-- AIM OF THE EXERCISE --
The records below hold a stretch from the line with "Tampilan Antarmuka Aplikasi" through the line with "Perosi / Cossotto"; return exactly those lines, ends included, and nothing more.

__________

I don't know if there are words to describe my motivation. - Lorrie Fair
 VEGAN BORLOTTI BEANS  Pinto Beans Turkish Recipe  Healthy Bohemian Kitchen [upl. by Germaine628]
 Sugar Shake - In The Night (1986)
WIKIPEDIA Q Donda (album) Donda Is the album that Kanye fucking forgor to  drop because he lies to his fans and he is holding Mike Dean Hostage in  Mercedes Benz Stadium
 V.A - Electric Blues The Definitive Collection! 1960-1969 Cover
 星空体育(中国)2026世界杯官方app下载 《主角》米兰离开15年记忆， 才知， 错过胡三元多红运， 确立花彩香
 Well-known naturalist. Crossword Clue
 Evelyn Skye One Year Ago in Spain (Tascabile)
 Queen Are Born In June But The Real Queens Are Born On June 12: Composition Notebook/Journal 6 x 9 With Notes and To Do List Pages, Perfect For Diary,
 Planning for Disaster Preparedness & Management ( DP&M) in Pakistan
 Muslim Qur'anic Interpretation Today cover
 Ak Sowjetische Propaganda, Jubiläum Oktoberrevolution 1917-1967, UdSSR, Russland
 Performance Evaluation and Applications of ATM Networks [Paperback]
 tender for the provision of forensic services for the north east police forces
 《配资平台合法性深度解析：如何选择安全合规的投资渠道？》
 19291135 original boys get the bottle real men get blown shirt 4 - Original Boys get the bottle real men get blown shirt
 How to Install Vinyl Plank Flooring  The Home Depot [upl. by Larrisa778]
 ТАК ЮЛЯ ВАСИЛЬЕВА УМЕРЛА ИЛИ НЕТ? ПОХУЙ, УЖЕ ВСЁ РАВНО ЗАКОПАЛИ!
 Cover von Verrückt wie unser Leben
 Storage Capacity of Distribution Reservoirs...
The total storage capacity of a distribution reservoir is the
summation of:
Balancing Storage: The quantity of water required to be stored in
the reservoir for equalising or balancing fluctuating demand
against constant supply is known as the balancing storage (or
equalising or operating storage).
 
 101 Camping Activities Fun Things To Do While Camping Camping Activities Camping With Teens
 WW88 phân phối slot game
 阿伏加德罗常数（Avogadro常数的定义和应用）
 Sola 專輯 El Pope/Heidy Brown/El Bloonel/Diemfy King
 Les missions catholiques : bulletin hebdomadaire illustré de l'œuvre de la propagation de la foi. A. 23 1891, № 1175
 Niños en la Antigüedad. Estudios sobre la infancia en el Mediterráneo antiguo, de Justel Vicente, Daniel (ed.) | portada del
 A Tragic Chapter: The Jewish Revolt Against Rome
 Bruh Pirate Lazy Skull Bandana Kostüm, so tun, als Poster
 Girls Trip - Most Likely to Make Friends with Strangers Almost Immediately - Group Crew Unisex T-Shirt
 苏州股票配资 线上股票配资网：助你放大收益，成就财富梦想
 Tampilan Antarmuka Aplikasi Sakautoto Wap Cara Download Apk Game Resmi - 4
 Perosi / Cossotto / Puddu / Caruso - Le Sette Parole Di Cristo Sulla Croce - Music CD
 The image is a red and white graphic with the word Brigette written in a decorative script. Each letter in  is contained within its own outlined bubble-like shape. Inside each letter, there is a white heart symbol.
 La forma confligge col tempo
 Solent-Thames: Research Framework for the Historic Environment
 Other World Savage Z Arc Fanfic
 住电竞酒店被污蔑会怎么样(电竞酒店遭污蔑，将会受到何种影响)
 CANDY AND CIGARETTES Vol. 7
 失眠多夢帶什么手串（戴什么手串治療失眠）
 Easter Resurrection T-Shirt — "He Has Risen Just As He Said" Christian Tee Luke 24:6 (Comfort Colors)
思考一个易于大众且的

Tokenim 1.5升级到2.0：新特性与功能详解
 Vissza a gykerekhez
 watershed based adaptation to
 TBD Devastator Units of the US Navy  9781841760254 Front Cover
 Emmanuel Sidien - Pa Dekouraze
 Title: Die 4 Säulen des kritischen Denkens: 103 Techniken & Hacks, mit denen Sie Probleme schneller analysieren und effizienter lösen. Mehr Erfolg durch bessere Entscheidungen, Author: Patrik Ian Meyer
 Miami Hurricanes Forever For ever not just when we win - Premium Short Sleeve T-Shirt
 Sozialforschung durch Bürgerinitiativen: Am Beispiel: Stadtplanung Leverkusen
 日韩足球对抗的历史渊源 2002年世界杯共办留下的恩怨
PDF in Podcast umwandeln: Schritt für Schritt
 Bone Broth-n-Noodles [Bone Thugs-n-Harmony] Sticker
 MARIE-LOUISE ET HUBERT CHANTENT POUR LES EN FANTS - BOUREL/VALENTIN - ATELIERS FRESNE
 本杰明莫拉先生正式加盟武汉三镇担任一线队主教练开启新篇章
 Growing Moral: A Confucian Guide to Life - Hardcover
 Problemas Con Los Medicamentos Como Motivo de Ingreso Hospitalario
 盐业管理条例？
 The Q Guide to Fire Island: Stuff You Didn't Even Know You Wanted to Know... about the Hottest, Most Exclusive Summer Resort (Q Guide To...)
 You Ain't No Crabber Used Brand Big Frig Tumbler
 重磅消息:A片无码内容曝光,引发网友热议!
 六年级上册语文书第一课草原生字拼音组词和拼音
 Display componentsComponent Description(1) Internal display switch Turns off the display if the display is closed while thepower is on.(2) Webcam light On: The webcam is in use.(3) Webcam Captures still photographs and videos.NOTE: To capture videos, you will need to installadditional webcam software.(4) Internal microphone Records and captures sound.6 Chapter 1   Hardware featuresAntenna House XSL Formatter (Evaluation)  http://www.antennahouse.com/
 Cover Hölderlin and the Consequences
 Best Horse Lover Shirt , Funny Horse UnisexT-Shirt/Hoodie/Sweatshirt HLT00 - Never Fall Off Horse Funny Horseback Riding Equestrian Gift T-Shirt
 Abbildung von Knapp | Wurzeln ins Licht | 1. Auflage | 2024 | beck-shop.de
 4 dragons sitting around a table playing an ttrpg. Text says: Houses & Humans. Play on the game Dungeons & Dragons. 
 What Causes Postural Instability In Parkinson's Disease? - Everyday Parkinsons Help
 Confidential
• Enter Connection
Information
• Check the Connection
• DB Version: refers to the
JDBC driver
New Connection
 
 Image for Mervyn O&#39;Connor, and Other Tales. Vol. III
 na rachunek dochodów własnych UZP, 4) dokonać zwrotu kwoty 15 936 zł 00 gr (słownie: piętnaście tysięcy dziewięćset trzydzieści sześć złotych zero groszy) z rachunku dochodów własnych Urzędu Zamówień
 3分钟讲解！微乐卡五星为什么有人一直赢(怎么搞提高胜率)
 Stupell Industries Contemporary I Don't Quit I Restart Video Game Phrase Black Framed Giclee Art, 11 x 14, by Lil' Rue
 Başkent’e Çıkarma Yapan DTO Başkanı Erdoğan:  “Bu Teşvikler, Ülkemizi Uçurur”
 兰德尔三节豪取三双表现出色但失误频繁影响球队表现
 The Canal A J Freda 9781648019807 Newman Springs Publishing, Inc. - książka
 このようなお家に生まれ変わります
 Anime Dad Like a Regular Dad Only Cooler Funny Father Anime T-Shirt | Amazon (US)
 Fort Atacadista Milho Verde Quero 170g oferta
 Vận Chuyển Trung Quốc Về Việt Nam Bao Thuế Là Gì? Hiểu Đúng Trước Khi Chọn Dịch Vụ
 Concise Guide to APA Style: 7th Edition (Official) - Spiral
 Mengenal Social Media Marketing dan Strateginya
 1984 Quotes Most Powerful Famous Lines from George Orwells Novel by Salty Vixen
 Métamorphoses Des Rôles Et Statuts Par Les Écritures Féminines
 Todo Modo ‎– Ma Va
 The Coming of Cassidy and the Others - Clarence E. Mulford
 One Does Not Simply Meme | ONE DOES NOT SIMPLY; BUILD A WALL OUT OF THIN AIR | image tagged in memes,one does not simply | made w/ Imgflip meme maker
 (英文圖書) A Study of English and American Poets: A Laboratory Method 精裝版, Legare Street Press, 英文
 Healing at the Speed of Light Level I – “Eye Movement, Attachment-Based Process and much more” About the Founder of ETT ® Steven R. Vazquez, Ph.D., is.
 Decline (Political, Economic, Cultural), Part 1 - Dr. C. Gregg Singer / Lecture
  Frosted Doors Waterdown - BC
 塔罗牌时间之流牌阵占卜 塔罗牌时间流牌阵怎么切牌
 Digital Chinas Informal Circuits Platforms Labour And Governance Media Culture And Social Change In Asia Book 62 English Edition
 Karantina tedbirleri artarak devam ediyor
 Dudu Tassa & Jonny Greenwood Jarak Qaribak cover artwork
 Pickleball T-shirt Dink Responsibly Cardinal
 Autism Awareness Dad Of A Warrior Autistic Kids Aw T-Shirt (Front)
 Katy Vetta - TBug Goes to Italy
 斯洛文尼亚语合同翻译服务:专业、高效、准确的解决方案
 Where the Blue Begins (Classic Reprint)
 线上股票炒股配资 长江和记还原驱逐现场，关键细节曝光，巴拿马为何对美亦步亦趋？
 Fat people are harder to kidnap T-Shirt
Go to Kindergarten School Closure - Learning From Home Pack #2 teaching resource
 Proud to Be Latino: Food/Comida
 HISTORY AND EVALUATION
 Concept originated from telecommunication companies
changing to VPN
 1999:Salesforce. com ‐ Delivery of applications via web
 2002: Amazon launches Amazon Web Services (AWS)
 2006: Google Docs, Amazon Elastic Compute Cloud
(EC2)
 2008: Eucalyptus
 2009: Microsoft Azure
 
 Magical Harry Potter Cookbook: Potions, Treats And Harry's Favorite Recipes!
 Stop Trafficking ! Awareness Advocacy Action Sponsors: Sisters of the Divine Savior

__________

-- COMPLETED EXERCISE --
 Tampilan Antarmuka Aplikasi Sakautoto Wap Cara Download Apk Game Resmi - 4
 Perosi / Cossotto / Puddu / Caruso - Le Sette Parole Di Cristo Sulla Croce - Music CD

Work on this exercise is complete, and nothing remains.